At our company it is allowed to use the PC for e.g. private mail, on some PCs are even games installed. We have kinda mobile users, that are often on site at a customer, so I don't really blame them.
Also because of that we have a lot of local admins out there.
I know both the private use and the availability of local admin-accounts aren't good ideas, but that's how it was handled before I worked here and I can only change this once I am out of traineeship ;)
Edit: I think all of the answers posted are relevant, and I also know that a couple of the practices we have at my company aren't the best to begin with (local admin for too many people for example ;).

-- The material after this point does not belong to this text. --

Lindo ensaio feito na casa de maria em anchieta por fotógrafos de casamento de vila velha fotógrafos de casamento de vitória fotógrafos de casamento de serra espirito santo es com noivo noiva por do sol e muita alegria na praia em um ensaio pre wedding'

As of now, I think the most usable answer for a discussion would be the one from Ryder. Although the example he gave in his answer may be exaggerated, it has happened before that a former employee forgot private data. I recently found a retail copy of the game Runaway in a old laptop and we had a couple of cases of remaining private images, too.
Absolutely you should. It's not just common sense from a security POV, it should also be practice as matter of business ethics.
Let's imagine the following scenario: Alice leaves, and her computer is transferred to Bob. Bob didn't know it, but Alice was into illegal shota porn and left several files tucked away outside of her profile. IT wipes her profile and nothing else, which included only her browsing history and local files.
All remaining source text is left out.